Get started with Sparkling Water in a few easy steps
1. Download Spark if not already installed from: Spark Downloads Page
2. Download Sparkling Water and point it to the existing installation of Spark by setting the SPARK_HOME environment variable:
export SPARK_HOME='/path/to/spark/installation'
3. From your terminal, run:
cd ~/Downloads
unzip sparkling-water-1.2.6.zip
cd sparkling-water-1.2.6
bin/sparkling-shell
4. Create H2O cloud inside Spark cluster:
import org.apache.spark.h2o._
val h2oContext = new H2OContext(sc).start()
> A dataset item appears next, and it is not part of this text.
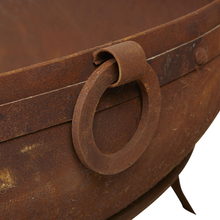 Load image into Gallery viewer, Close up view of the handle and stud detail on the Indian Kadai Replica fire pit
// Or if you know the number of Spark workers:
// val h2oContext = new H2OContext(sc).start( <number of Spark workers> )
import h2oContext._
5. Follow this demo, which imports airlines and weather data and runs predictions on delays.
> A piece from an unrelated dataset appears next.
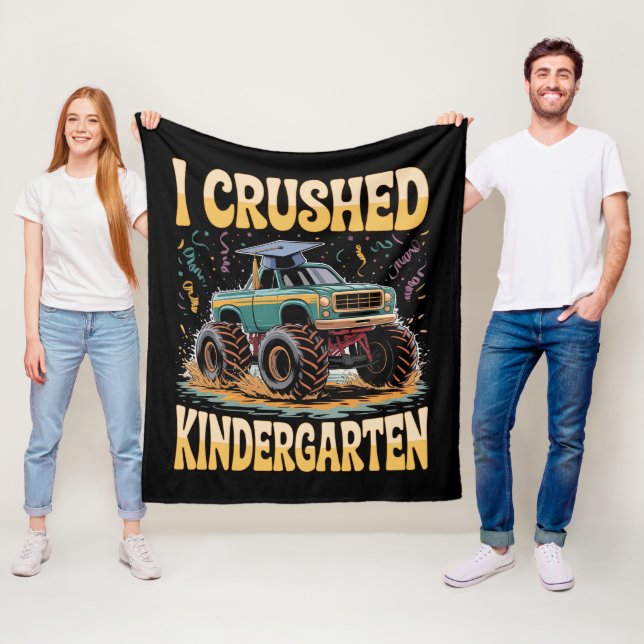 Jag krossade Kindergarten Monster Lastbil Studente Fleecefilt (På plats)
Launch Sparkling Water on Hadoop using Yarn.
1. Download Spark if not already installed from: Spark Downloads Page.
2. Download Sparkling Water and point it to the existing installation of Spark by setting the SPARK_HOME environment variable:
wget /sparkling-water-1.2.6.zip
export SPARK_HOME='/path/to/spark/installation'
3. Set the HADOOP_CONF_DIR and Spark MASTER environmental variables.
export HADOOP_CONF_DIR=/etc/hadoop/conf
export MASTER="yarn-client"
4. Use spark-submit to launch Sparkling Shell on YARN.
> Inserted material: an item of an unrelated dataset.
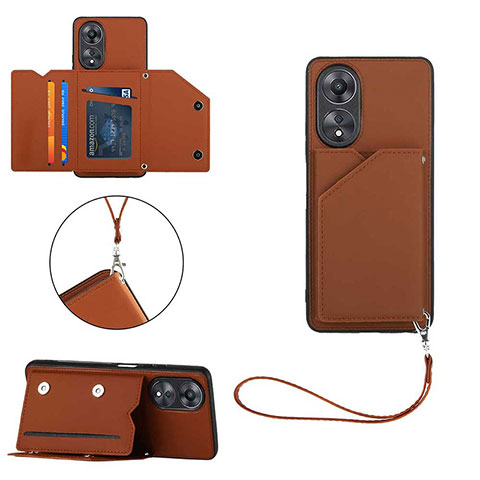 Funda Lujo Cuero Carcasa YB2 para Oppo A78 4G Marron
unzip sparkling-water-1.2.6.zip
cd sparkling-water-1.2.6/
bin/sparkling-shell --num-executors 3 --executor-memory 2g --master yarn-client
5. Create H2O cloud inside Spark cluster:
import org.apache.spark.h2o._
val h2oContext = new H2OContext(sc).start()
import h2oContext._
Launch H2O on a Standalone Spark Cluster
1. Download Spark if not already installed from: Spark Downloads Page.
2. Download Sparkling Water and point it to the existing installation of Spark by setting the SPARK_HOME environment variable:
export SPARK_HOME='/path/to/spark/installation'
3. From your terminal, run:
cd ~/Downloads
unzip sparkling-water-1.2.6.zip
cd sparkling-water-1.2.6
bin/launch-spark-cloud.sh
export MASTER="spark://localhost:7077"
bin/sparkling-shell
4. Create H2O cloud inside Spark cluster:
import org.apache.spark.h2o._
val h2oContext = new H2OContext(sc).start()
// Or if you know the number of Spark workers:
// val h2oContext = new H2OContext(sc).start( <number of Spark workers> )
import h2oContext._